If You Sing Songs is her first release. The 17 songs presented are mostly traditional, many of them from American soil, but surprisingly just one, "Jessel Town," from Virginia. Many of the songs tell stories, but she also includes a couple with religious themes. "When the Roll is Called Up Yonder" sounds like a Salvation Army-tune, with a thundering chorus. "What Are They Doing in Heaven Today" is a more reflective song, about people who have died. The harmonies add to the sadness of the chorus. "A Mother´s Last Words to Her Daughter" is just Cook on her own, singing the words of a dying mother telling her young daughter to trust in God.

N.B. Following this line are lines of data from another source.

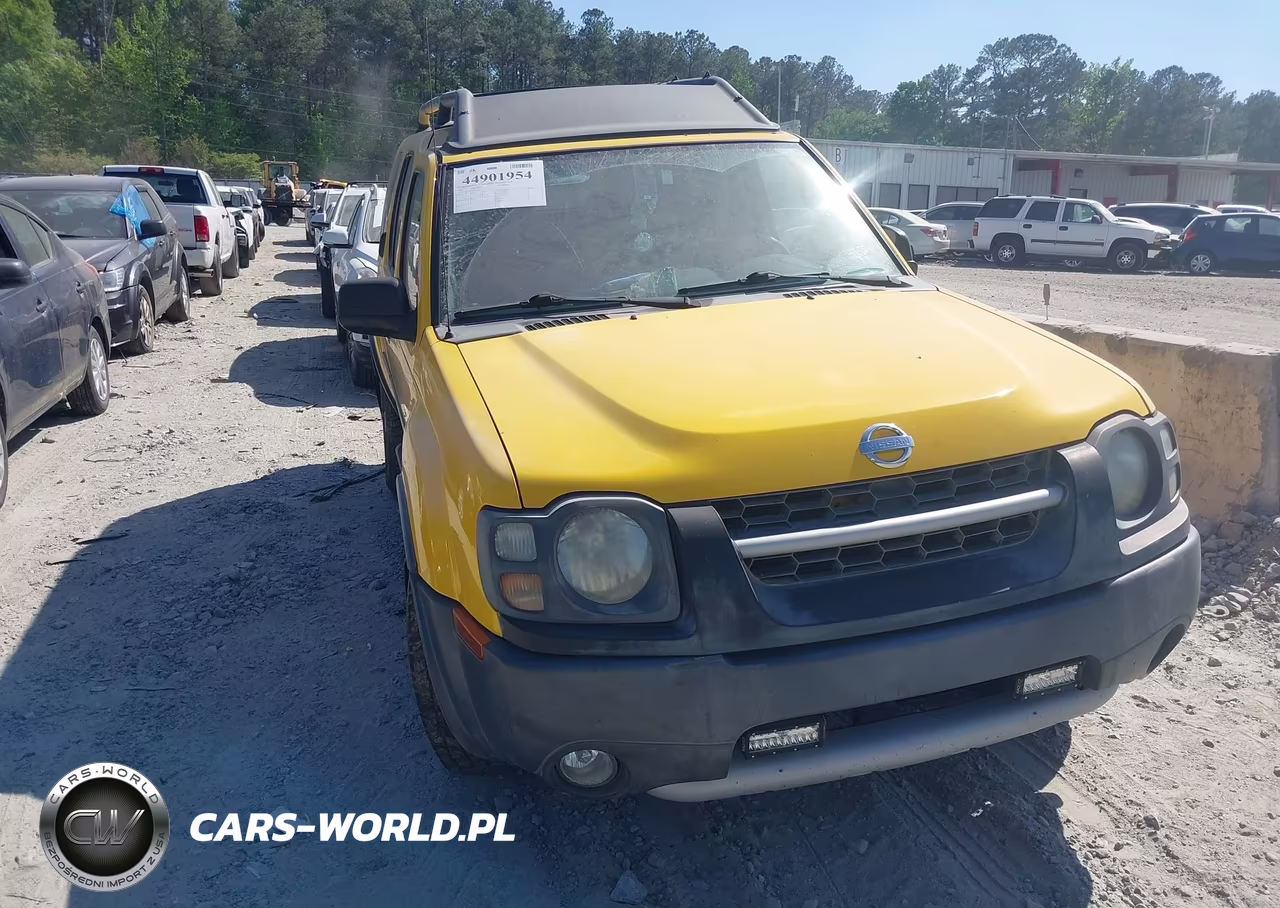2002 Nissan Xterra Xe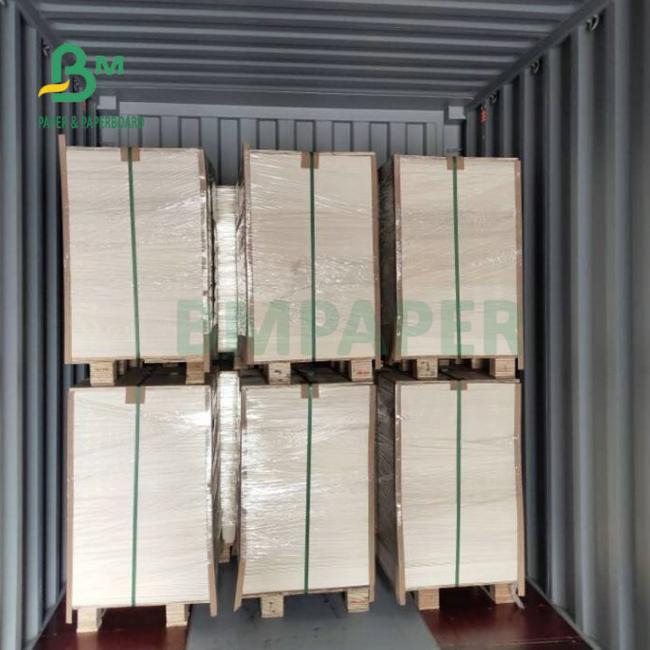 42Inch 350GSM 400GSM 450GSM Duplex Board Grey Back For Packaging Boxes 42Inch 350GSM 400GSM 450GSM Duplex Board Grey Back For Packaging Boxes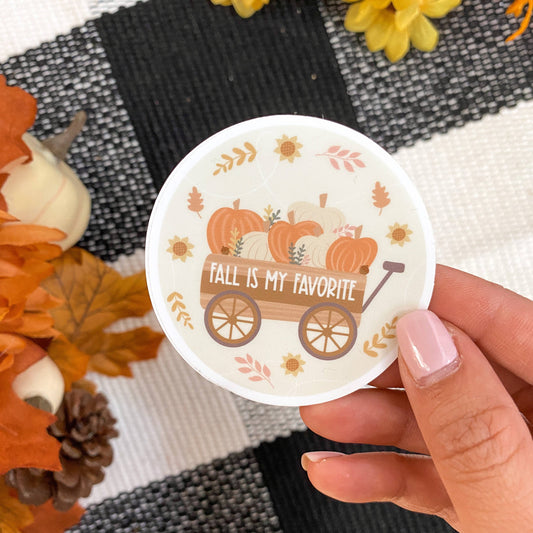 Fall is My Favorite Sticker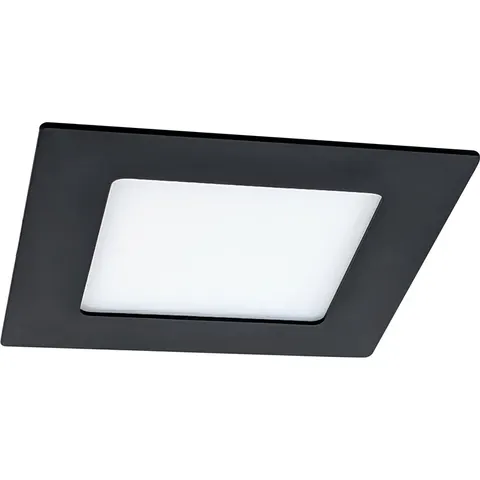 LED VEGA-S Black 6W CCT 540/800lm - Oprawa LED do zabudowy p/t (Downlight LED)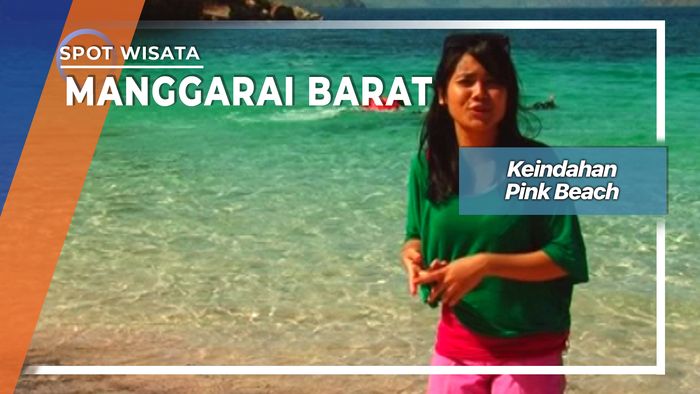 Keindahan Pink Beach, Manggarai Barat   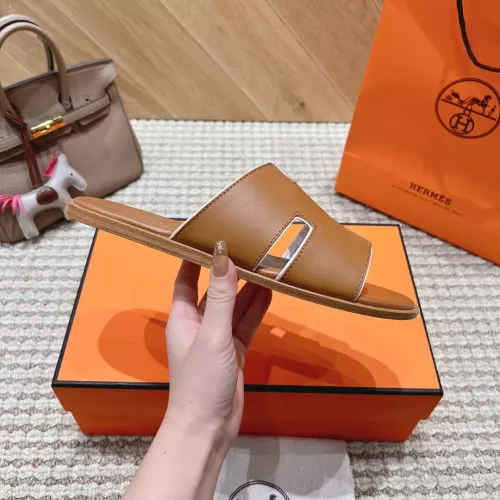 Replica Hermes Slippers For Men #1331474 $100.00 USD for Wholesale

She also includes a few well-known songs. "Allison Gross" is mostly remembered in its Steeleye Span-shape, and Cook confesses to having taken it from the Spansters. She sings it in more traditional way than Steeleye, omitting the chorus they created for the song. "Barbara Ellen" is another classic. Cook treats it like a lament, singing it in a slow, sorrowful way.

Far From the Lowlands benefits from being her second album. Cook sounds more certain of herself, and she has developed a bit since If You Sing Songs. She also tries a few more rhythmic songs, like the hunting song "Bowena," that swings as well as an a capella performance can. This time she also treats us to some classics. "A Sailor´s Life" is the song that supposedly started folk rock when Fairport Convention recorded it for Unhalfbricking. Cook´s version uses a similar lyric, but the tune is completely different from the Fairport version. Cook stresses the sad story of the song in her performance. "Lord Randal" is another much recorded song, but Cook does it full justice.

My favourites on the record are "Daughters of the Revolution" by Berni Armstrong and the traditional "Titanic." The first is a lovely story of how a group of women defeat a platoon of English soldiers during the American War of Independence. The second is bluesy version of how the unsinkable ship went down. The chorus singers give it a touch of gospel.

Judy Cook has chosen a difficult path as a performer. A capella-singing is difficult and makes great demands on the listener. This is nothing to play while washing the dishes or ironing the clothes. But she does what she does well, and with the steps forward she has taken between the two CDs I am sure there are even greater things in store. And I must compliment her for including the full lyrics to each song and notes about their origin.